I have created a font that required an especially high Ascender and an especially low Descender (2335 & -1441) in order to allow for long strokes in a script style, handwritten greek.
When using this font, it is compatible within a document insomuch as to say that it can be used normally with other fonts, etc. The problem I have encountered is that the Ascender and Descender of a font, such as Times New Roman (1825 & -443), makes for slimmer verticle line spacing. When using the new font in the same line, it ruins the verticle line spacing continuity and makes the text look horrible (meaning the text itself in spacing, not the font).

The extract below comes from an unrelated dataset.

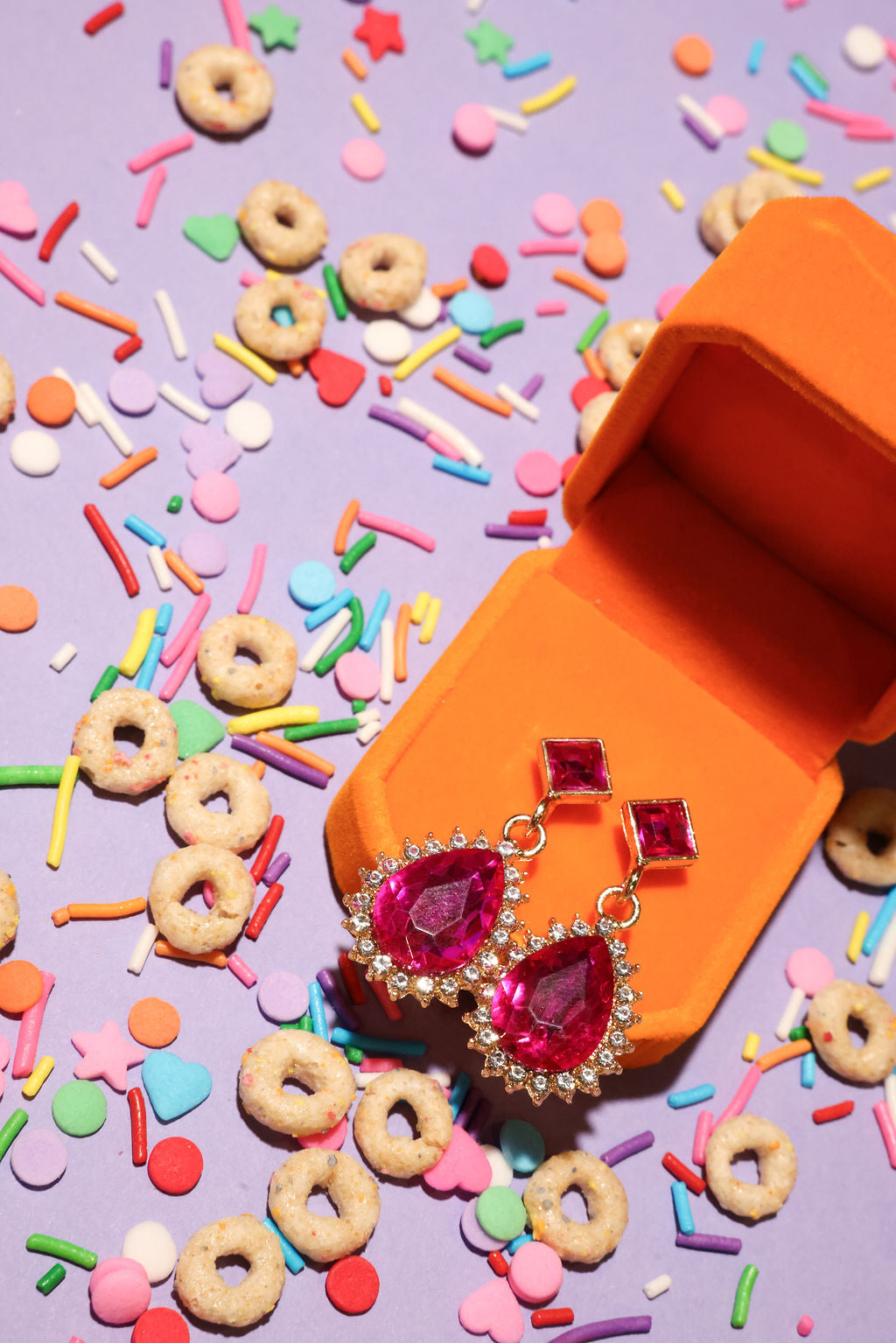 Pink gemstone earrings in an orange jewelry box with colorful sprinkles and cookies on a purple background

It’s as though one line in the middle of the paragraph is set at 1.5 line spacing, if you understand my meaning.
What I want to know, if someone has the answer, is if there is a way to leave the Ascender and Descender alone to preserve the letter forms, but to allow the characters to sit within an 1825 / -443 limit and overlap the lines above and/or below where necessary, as one might often see in real handwriting?
The line gap (Format, Metrics, Calculate) in the font cannot be any less than zero. The only way is to use fixed line spacing in your word-processor because what you want to do, in effect, is use a 15 point font at 12 point line-spacing.

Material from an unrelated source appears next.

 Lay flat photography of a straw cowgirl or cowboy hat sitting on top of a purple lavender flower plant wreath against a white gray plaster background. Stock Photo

If you manually set the ascender/descender to 1825 and -443 in Font Creator, then try Test Font (F5) you can see what will happen in your word-processor.
I have created a font that required an especially high Ascender and an especially low Descender (2335 & -1441) in order to allow for long strokes in a script style, handwritten greek.
The thing which concerns me here is that the Ascender is more than 2048.
I do not know the answer to your question about overlapping, but I am wondering if you might find a copy of my Chronicle font useful to look at, as I tried to produce the effect of characters with long ascenders and descenders.
I have a script font called Chuzzlewit script with long ascenders and descenders.
4096 funits/em
3812 Ascender
-1397 Descender
116 Line Gap
Total 5325
This is much more than 4096, but it doesn’t matter. It just means that if you use 10 point text at single line spacing the leading will be 13 points instead of 12 points, which would be more usual for an ordinary text font.
Line Gap = (2048 x Default Leading/100)-(Ascender-Descender)
116 = (4096*130/100)-(3812+1397)
116=(5325)-(5209)
I calculated the line gap to give a round figure for Default Leading.
If you calculate the metrics the line gap will be zero, as it cannot be less than that. If you set this 10 point font at 10 point fixed line-spacing it will result in some ascenders colliding with (i.e. intersecting) some descenders. The top of the A, for example, would collide with the descenders of f,g,p, and y. If set at 12 point leading, it would be fine.
Default Leading.png
What you are describing is sort of what I want. The appearance of the text has long strokes. It is only because of the long strokes that the font ascender and descender is as high as it is. The body proper of each character is on the approximate size of a times roman or palatino font. I don’t care if one of the strokes overlaps a letter below it. That’s actually what I want it to do.
The fixed line width in the word processor did as suggested. It just cut off the top and bottom of the letters in question with the long strokes. I want it to not cut off but still fit in the shorter verticle space with an overlap above and below, while simultaneously retaining the font size consistent with the surrounding text of other font types.
After trying a couple of word-processors, (Wordpad and Open Office) I concluded that the only solution is to use DTP software.
Serif Page Plus SE is free and very powerful. I had no problems using Page Plus 9 or 10. I could set the line-spacing as tight as I wished without any clipping. Page Plus SE is basically PP9 without the PDF and HTML output options.
If you find the text clips at the edges of a text frame, just increase the frame margins.
I suspect that PageMaker, Quark Express, or InDesign will handle this equally well if you happen to have those programs.
WordPerfect will also handle fixed line-spacing without clipping.